We owe literary translators an awful lot, and yet we treat them so badly. Often their names are hidden away in font size 3 on the page with all the boring information we can't bring ourselves to glance at - if they're lucky. Occasionally, their names are simply not there at all, as if the translator is of no more importance than the proofreader or the boy who brings the editor his tea in the morning. What kind of way is this to treat artists who, in reality, are creating unique, original pieces of art from a foreign source? Unfortunately, as long as many people still see translating as a mechanical process involving a computer, a dictionary and a bucketful of coffee, Snyder and co. will fail to get the recognition they deserve.

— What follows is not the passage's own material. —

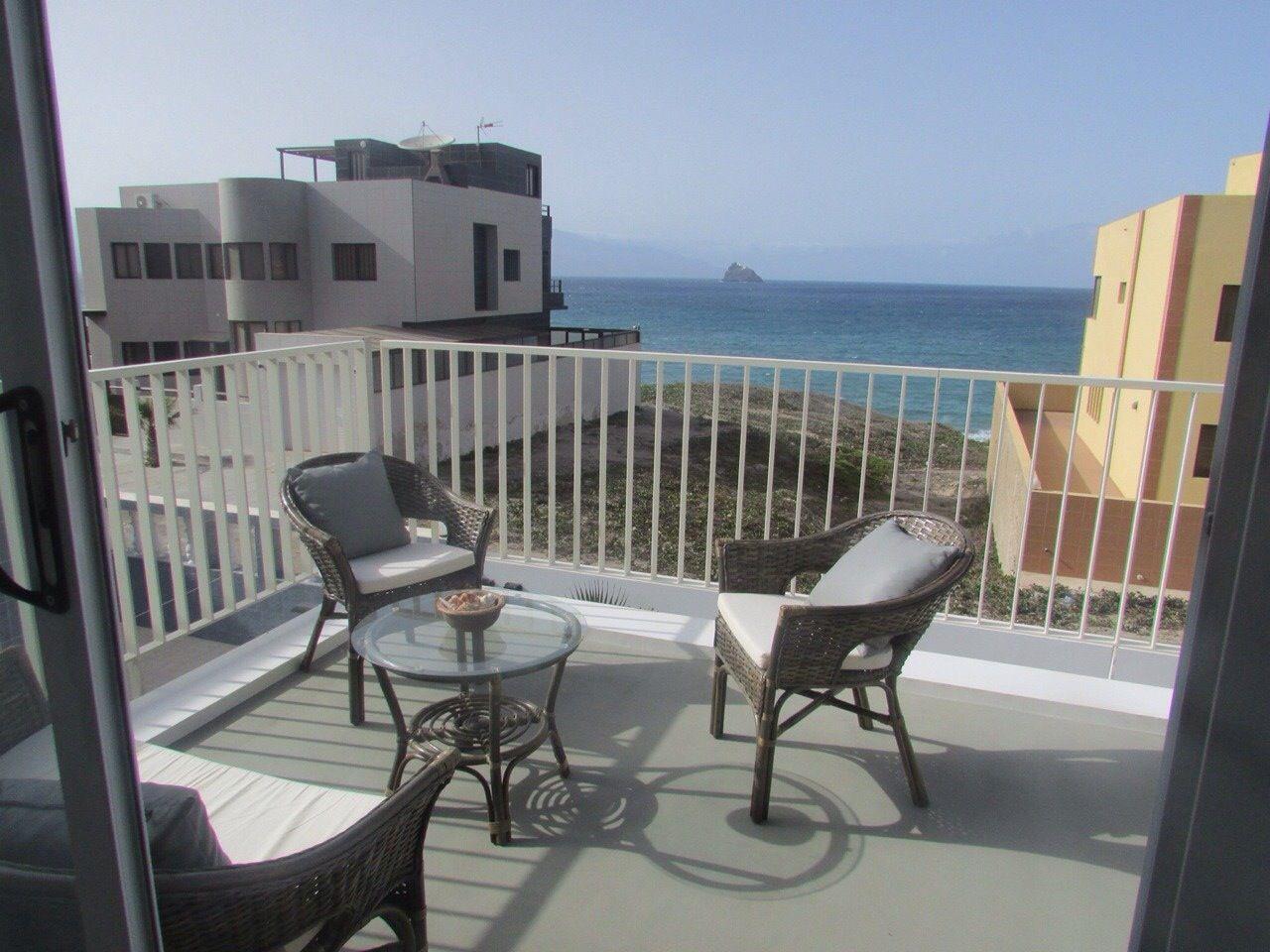 Property Image ab5b1b44-916c-46d0-ba32-b69476006590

The importance of translators is especially important when it comes to languages such as Japanese. As most of you will no doubt know, the Japanese use three different types of symbols to record ideas (in addition to the romaji, or roman script, which occasionally creeps in): katakana (a syllabary for expressing foreign words); hiragana (a syllabary for expressing Japanese words, usually prepositions and verb endings); and kanji (a collection of pictograms adapted from Chinese specifically to torture unsuspecting Westerners who want to learn the language). When I left Japan eight years ago, I had just about become an intermediate-level speaker (on a good day) of Japanese. If I were to work with non-native speakers of English at the same level, I would be using carefully selected newspaper articles with helpful vocabulary hints. By the end of my Japanese studies, I was able to struggle through a Japanese translation of The Ugly Duckling. You can infer from this that my chances of reading The Wind-Up Bird Chronicle in the original are fairly slim.

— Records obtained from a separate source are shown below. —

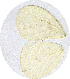  ( - JDP-08-8164)  @12 [ ] Unspecified (default): All Rights Reserved  Unspecified Unspecified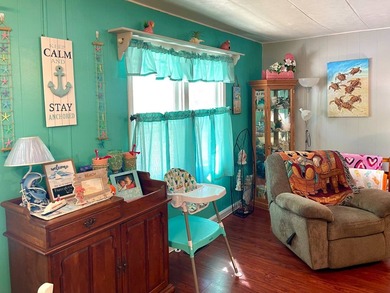 PRICED RIGHT & MOVE-IN READY!! Welcome to this charming 2BD/2BA - photo 34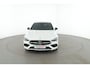 Mercedes-Benz CLA Shooting Brake 250 e Premium Plus | TH30608 |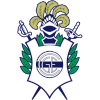 Gimnasia LP U20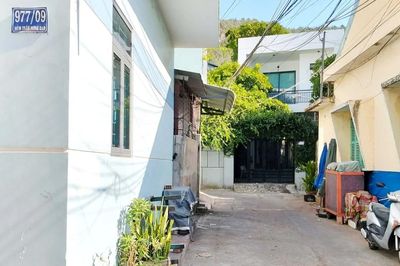 16 năm khổ sở vì quy hoạch 'treo'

Assuming then that your kanji skills are not up to scratch, you're going to have to trust to a translation to enjoy the delights of J-Lit. However, if you don't actually read the original text, then how do you know that you are reading what the writer wanted you to read? Are you reading the same book? The best translators are able to transfer the ideas across into idiomatic English while preserving the unique flavour that sets the author apart. Even in English, Mishima and Murakami have a distinct, consistent style which attracts the reader (in fact, some of Murakami's detractors, the cynics that they are, say that his translators - Jay Rubin, Phillip Gabriel and Alfred Birnbaum - make him look better than he actually is!). On the whole, translators of Japanese works seem to do a pretty good job of capturing those quintessentially Japanese elements and making them comprehensible to an English-speaking audience.

However, there are some occasions where I have my doubts. One Japanese writer whose translations I'm a little suspicious of is Banana Yoshimoto. I love her prose and stretches of descriptive writing, but I really, really get annoyed by the trite, stilted, perhaps over-Americanised dialogue. Michael Emmerich's translation of Goodbye Tsugumi and Russel F. Wasden's translation of Amrita are the two books I'm thinking of when I write this, and being unable to check with the original, it's difficult to know the reason for my unease. As both translators are American (and probably writing for an American audience), it's probably understandable that Yoshimoto's characters come across as classic US-TV teens. Still, that doesn't explain the abundance of cliches and set phrases, which sound suspiciously like literal translations of formulaic Japanese conversational turns. Another explanation is that Yoshimoto is just really bad at dialogue. Or I may just be completely wrong - the point is that we'll never know.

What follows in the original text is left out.